Simulations of Trendy models. To evaluate the capacity of DGVMs in replicating fine-resolution LCC-driven NEP changes identified through our analysis, we conduct a comparative analysis of outputs from 17 DGVMs (TRENDYv10)⁶⁶. The evaluated DGVM ensemble comprises CABLE-POP, CLASSIC, CLASSIC-N, CLM5.0, DLEM, IBIS, ISAM, ISBA-CTRIP, JSBACH, LPJ-GUESS, LPJ, OCN, ORCHIDEE, ORCHIDEEv3, SDGVM, VISIT, and YIBs. These models principally utilize the HYDEv3.3 historical land-use dataset⁶⁷, offering global-scale annual agricultural extent mapping with enhanced spatial allocation of farming systems.
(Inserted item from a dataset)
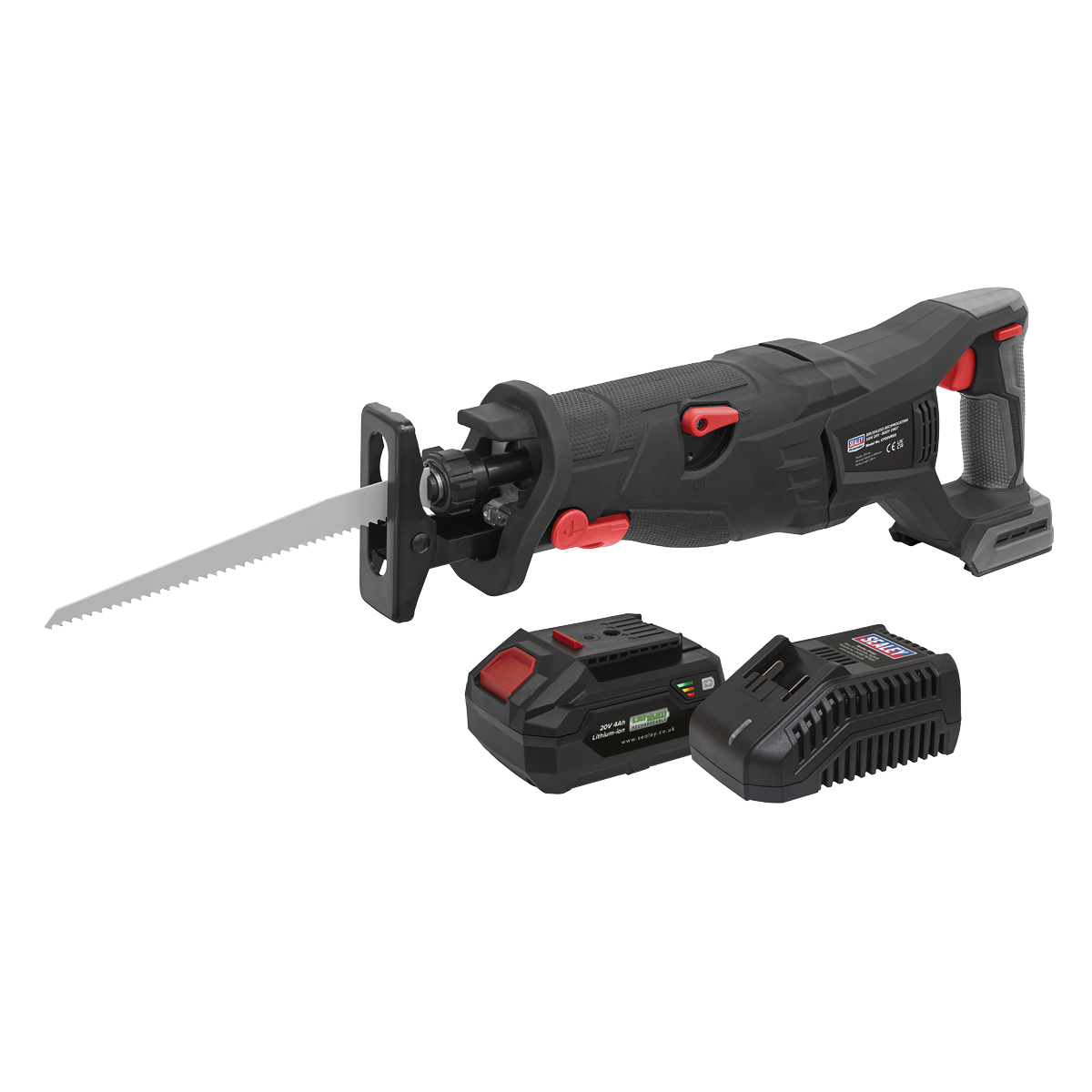 Premier SV20 Series Brushless Cordless Reciprocating Saw 20V 4Ah Kit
Supplementary implementations in six models (CABLE-POP, CLM5.0, JSBACH, LPJ-GUESS, LPJ, and VISIT) incorporate the LUH2-GCB2021 harmonized transition dataset⁶⁸, which resolves sub-grid land conversion dynamics. The method derives LCC-specific NEP responses through differential analysis of two simulation scenarios: S3 (incorporating transient CO2, climate, and land use forcings) and S2 (maintaining static land use with transient CO2/climate conditions). Modeled NEP values were computed as the difference between net primary productivity (NPP) and heterotrophic respiration (Rh) outputs. All simulations were conducted at 1° spatial resolution. Given that TRENDY protocols integrate both land-use modifications and management practices across stable land cover regions - factors beyond the scope of our HILDA + -based LCC analysis, our evaluation was constrained to areas exhibiting detectable LCC in the HILDA + . To address resolution inconsistencies between the original 0.073° HILDA+ and the 1° DGVM outputs, we implemented a modal aggregation that resamples HILDA+ to 1° spatial resolution using majority-voting cell assignment.

Forest age map

This investigation employed a globally gridded forest age dataset (circa 2010 reference year), synthesized through multivariate integration of national forest inventories, aboveground biomass observations, and bioclimatic parameters⁶⁹. This dataset offers a comprehensive estimation of global forest age at a resolution of 1 km, with a notable precision of 0.81 and 0.99 for distinguishing between old-growth and non-old-growth forests, respectively. To reconstruct annual forest age dynamics from 1982 to 2019, we implemented annual temporal adjustments through linear extrapolation of the 2010 baseline values. Specifically, forest age estimates were calculated using temporal offsets relative to the reference year:

$${{Age}}_{t}={{Age}}_{2010}+(t-2010)$$

(9)

where positive temporal offsets (t > 2010) represent additive adjustments and negative offsets (t < 2010) denote subtractive corrections. Resultant negative age values were constrained to zero. Spatial harmonization with BEPS model outputs was achieved through bilinear interpolation resampling.